The IRS will consider the possible future earning potential of the taxpayer in judging what the income of the taxpayer will be. The Manual gives specific examples of child support of the taxpayer ending or a debt being paid, which would possibly indicate an increase in discretionary income. The Manual cautions not to automatically add the additional income. We should address any future discretionary income in the brief. The period of the future income is different depending on whether the offer is paid within a 5 month period or a 24 month period. The IRS will look only to earnings over a 12 month period if the offer is paid in 5 months, which will mean generally that the offer amount may be less than if the client seeks to pay the offer over 24 months. In any event, the future income over the remaining life of the collection statute of limitations is no longer used.
In 220.127.116.11.4 and 18.104.22.168.5 several situations are listed and how they should be treated where there is unemployment or underemployment. These sections should be carefully considered and commented on the brief.
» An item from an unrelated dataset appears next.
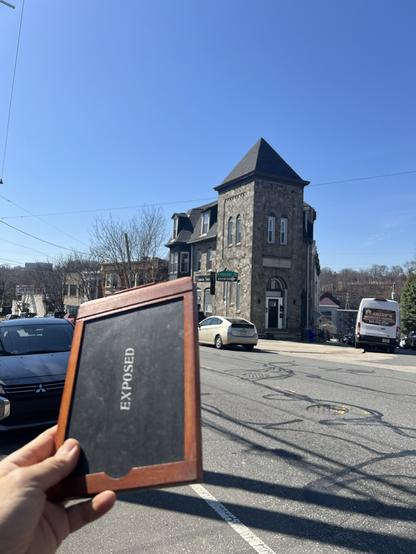 Cell phone photo of the Men’s Club building in the previous post with me holding up an antique 5x7 holder in the foreground with the word “Exposed” visible.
For instance, if the taxpayer is temporarily unemployed or underemployed, the IRS will then average past income in certain circumstances. A best practice is to affirmatively discuss the client’s situation and provide an analysis of past income. Explain how the present and past are different and why the client will not again reach the prior level of income because of such things as medical problems, age, etc. The section provides specific examples. You may want to consider citing the manual and the example in the law section of the brief.
In some situations in lieu of averaging past income, the IRS accepts the current income, but enters into a Collateral Agreement which becomes a part of the offer. The Agreement provides that the taxpayer will agree to pay a percentage of future income if that future income is over certain agreed upon amounts. The Agreement covers the situation when the taxpayer’s income substantially increases in future tax years. We may agree to enter into these agreements in appropriate cases. I.R.M. section 22.214.171.124 (10-22-10) Future Income Collateral Agreement sets forth the parameters for entering into a Collateral Agreement.
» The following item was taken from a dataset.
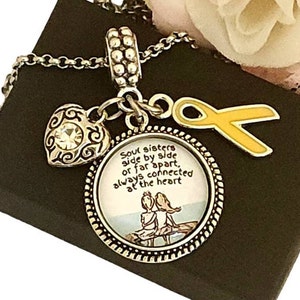 May include: Silver charm bracelet with a heart charm, a charm with the text "Soul sisters side by side or far apart, always connected at the heart", and a yellow ribbon charm.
The IRS considers whether the tax would be dis-chargeable in bankruptcy as a factor in determining the amount of the offer (not whether the client has filed and received a discharge, but whether if they were to file, the tax would be dis-chargeable). Comment on this if it is applicable.
If a client has a roommate, we should not be required to produce the roommate’s income if they are maintaining separate households. However, whether and to the extent that the roommate contributes to household expenses should be addressed.
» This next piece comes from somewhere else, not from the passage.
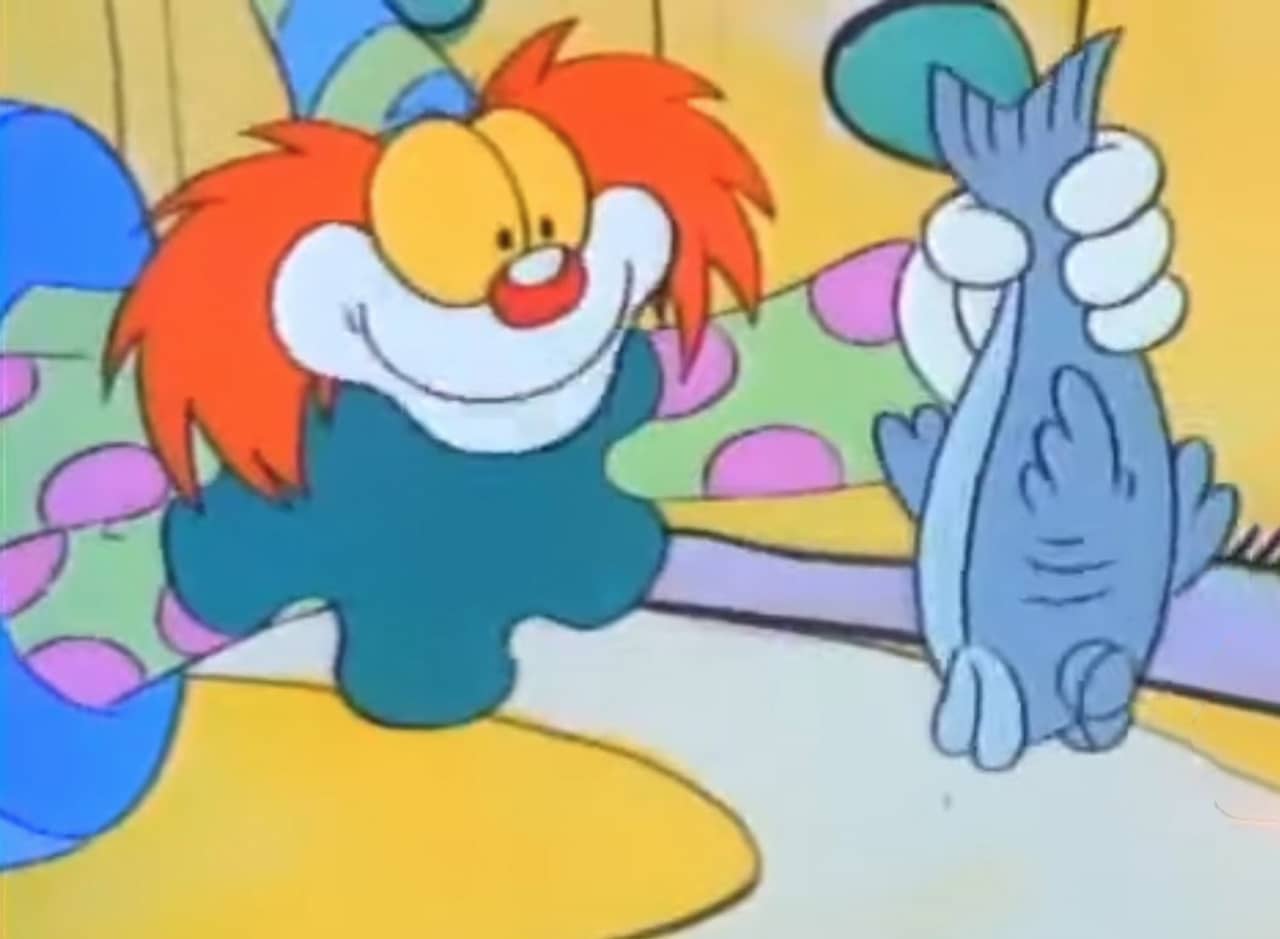 Binky the Clown holding a dead fish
As always, prior to citing and authority, including any section of the IRS Manual, you should check for any updates.
The IRS has provided national and local Standards for use in determining monthly expenses whether there is doubt as to collectability. The amount paid by the taxpayer for the items covered by the national standards need not be proved. Thus, the taxpayer is allowed the maximum amount regardless of what the taxpayer paid for those items. However, those expenses covered by the local standards are allowed only to the extent the taxpayer can prove that the expenditure was made. In general, no amount will be allowed in excess of the local standard.
- National Standards have been established several categories of living expenses: food, housekeeping supplies, apparel and services, personal care products and services, and health care expenses including medical services, prescription drugs, and medical supplies (e.g. eyeglasses, contact lenses, etc.) and miscellaneous. The out-of-pocket health care standard amount is allowed in addition to the amount taxpayers pay for health insurance.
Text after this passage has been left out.